What this task involves -> Leave out any pictures and transcribe all other data below exactly.

Available data ->
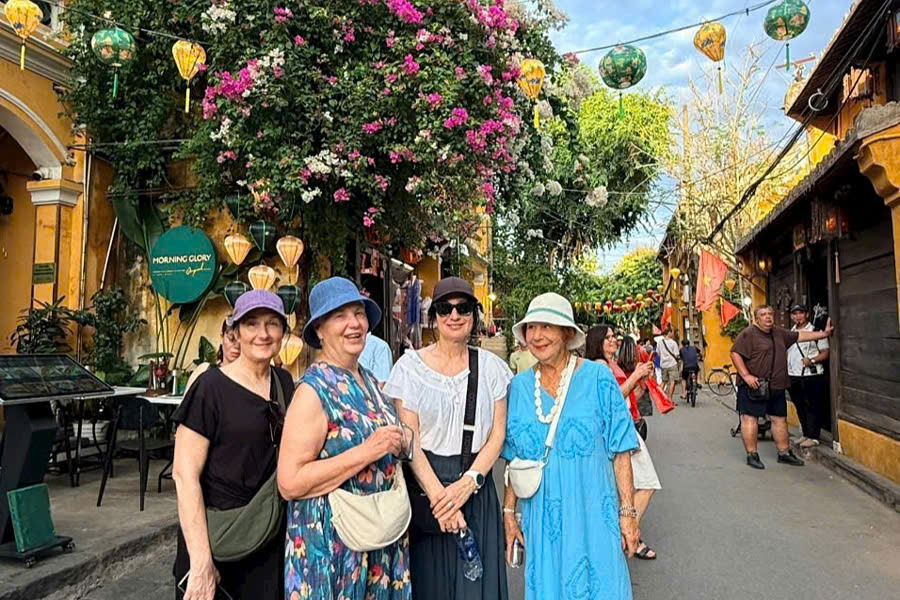 Group taking photos in the middle of Hoi An Ancient Town during an evening tour.
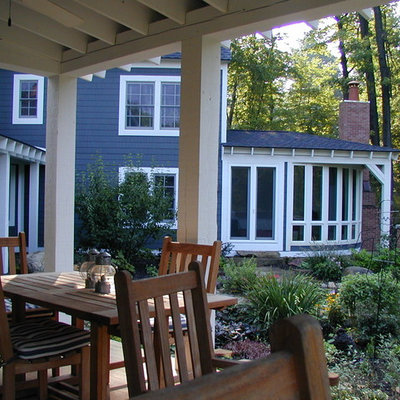 This is an example of a mid-sized farmhouse back porch design in Detroit with decking and a roof extension.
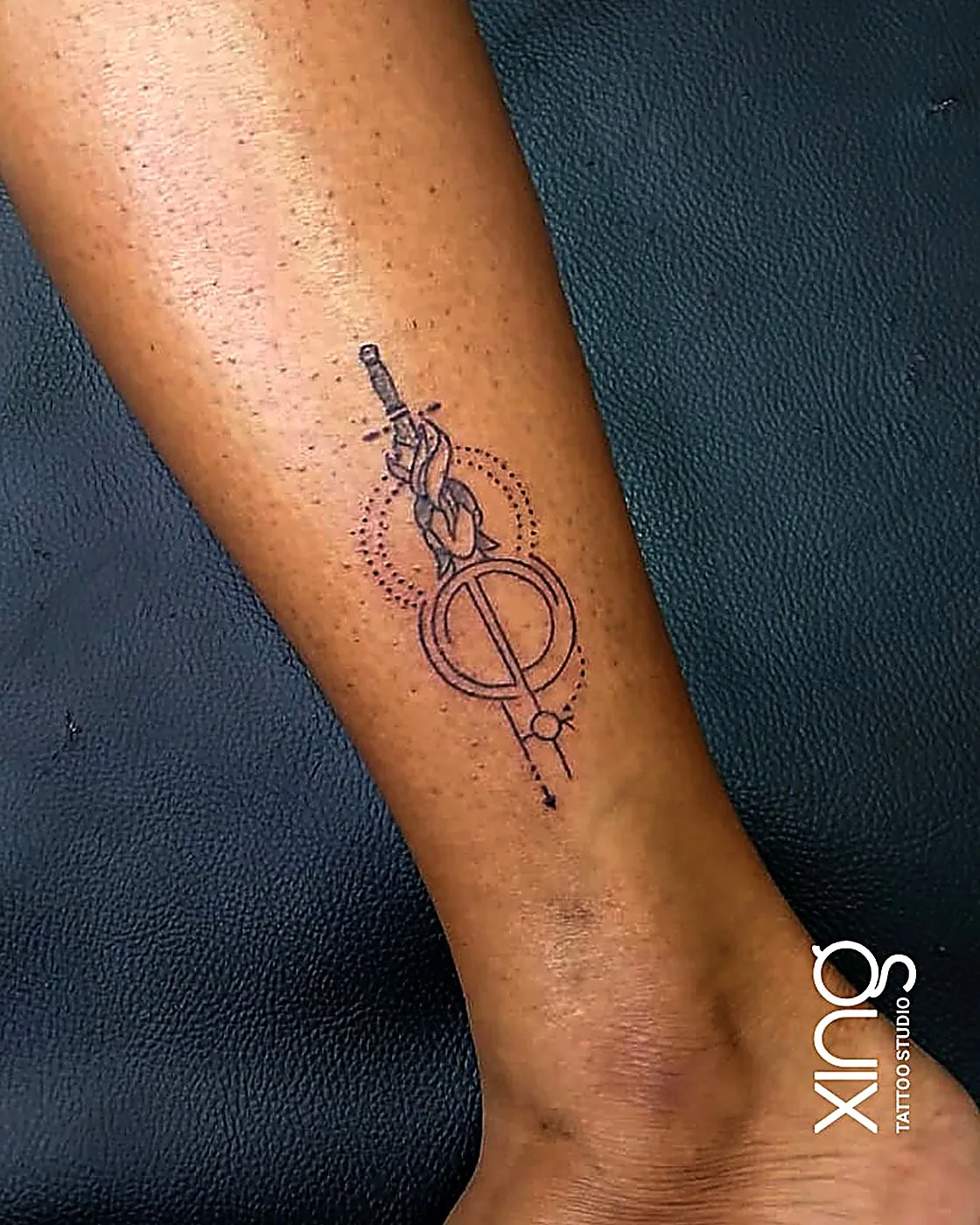 Fine-line sword and circle emblem tattoo on ankle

Task solution ->
 Group taking photos in the middle of Hoi An Ancient Town during an evening tour.
 This is an example of a mid-sized farmhouse back porch design in Detroit with decking and a roof extension.
 Fine-line sword and circle emblem tattoo on ankle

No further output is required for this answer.